Oh yeah also don't suggest to get a Wii because I have one and was very dissapointed in what it offered. I am not interested anymore in it.


----------



## BoneMonkey (Jun 15, 2007)

as of RIGHT NOW i will say 360 but metal gear solid and other good games will be out for ps3 

personaly i still wont touch any of the new gens systems till they lowered in price and mod chips come more mature for those systems


----------



## ZeWarriorReturnz (Jun 15, 2007)

Yeah, in the long run though, in 2008 I see the PS3 surpassing the 360 in so many ways :/


----------



## Opium (Jun 15, 2007)

Wait around 1.5 years and get a PS3.

When it has the games, support and lower price it'll be the better buy simply because the technology is better. It'll last a lot longer. Not to mention included Wifi (even Wii has wifi but 360 doesn't?), bigger harddrive, free online play, Home, Little Big Planet etc.


----------



## ZeWarriorReturnz (Jun 15, 2007)

Also the thing with that is I'm usually impatient 
	

	
	
		
		

		
			





 So I don't plan on getting one of the consoles anytime before 2 months from now or so. But the thing is I never had an Xbox also and I don't want to get a 360 and have it get the 3 Red lights of death.


----------



## BoneMonkey (Jun 15, 2007)

OMG i just saw on gamespot 

soul caliber iv on ps3 

get a ps3 NOW ! lol


----------



## ZeWarriorReturnz (Jun 15, 2007)

Anybody care to give more suggestions?


----------



## VVoltz (Jun 15, 2007)

OMG!
I thought of the PS3 when I saw this thread, but my hand clicked on the 360.

I guess I've been thinking with my right hand for a while.


----------



## MC DUI (Jun 15, 2007)

Get a 360 if you want a console now, really all the responses you are getting recommending the PS3 are talking about how good it will be in the future. 

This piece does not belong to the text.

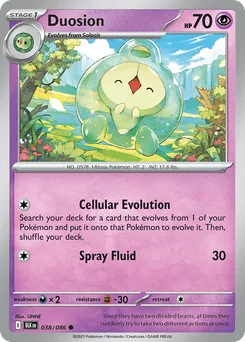 Duosion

BTW Soul Caliber IV AFAIK is coming out on 360 as well.

Realistically the only games that PS3 will have over 360 in the long run are RPGs so it really depends if you love RPGs.

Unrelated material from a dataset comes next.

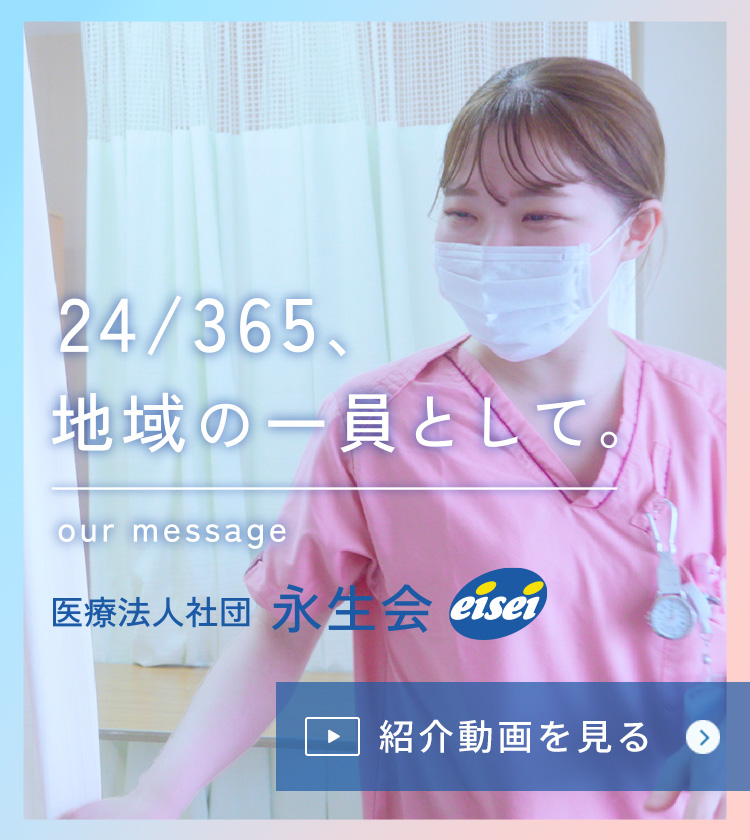認知症グループホーム寿限無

How much do you seriously care about blu-ray? If you don't have a decent HDTV then it's pointless. Plus if you get the cheaper version of the PS3 AFAIK it doesn't have a HDMI connection.


----------



## ZeWarriorReturnz (Jun 15, 2007)

Ehh, I might go with the 360. I have a good HDTV in my Living Room.


----------



## serious_sean (Jun 15, 2007)

here's what you shoud do. hold out until you absolutely have to have a game for it. otherwise, why bother?

for ps3, it's ninja gaiden sigma.


----------



## deathfisaro (Jun 15, 2007)

If you get PS3 now, you'll end up playing buncha PS2 games, it's not like you're gonna play Tekken whole day and every day for months. I'd either get 360 or wait until good games for PS3 come out (and price drops too)


----------



## ZeWarriorReturnz (Jun 15, 2007)

Yeah, seems about right. in a couple months GTA IV comes out on both consoles..and I really want to play, also DiRT is also coming out on both consoles.. So I guess I'll wait until both of these are out.


----------



## KINGOFNOOBS (Jun 15, 2007)

If you get a 360, there is a 15% chance every time you put a game in it that it might break. If you get a PS3, then well, no games... that are not already on 360 and good.


----------



## gamermole (Jun 15, 2007)

i may be wrong but im sure

soul caliber
mgs4
virtua fighter
devilmay cry 4

are all coming out on the 360 anyway? i own a 360 and i love it. gears of war is just class

and king of noobs if theres a 15% chance that everytime i insert a game it mite break howcome i have played on my 360 hundreds of times and none have broken?


----------



## ZeWarriorReturnz (Jun 15, 2007)

QUOTE(KINGOFNOOBS @ Jun 15 2007 said:


> *If you get a 360, there is a 15% chance every time you put a game in it that it might break.* If you get a PS3, then well, no games... that are not already on 360 and good.



Where did you get this information?


----------



## .TakaM (Jun 15, 2007)

personally, I would keep my wii and ds over a 360/ps3, hell, I'd keep my DS over it.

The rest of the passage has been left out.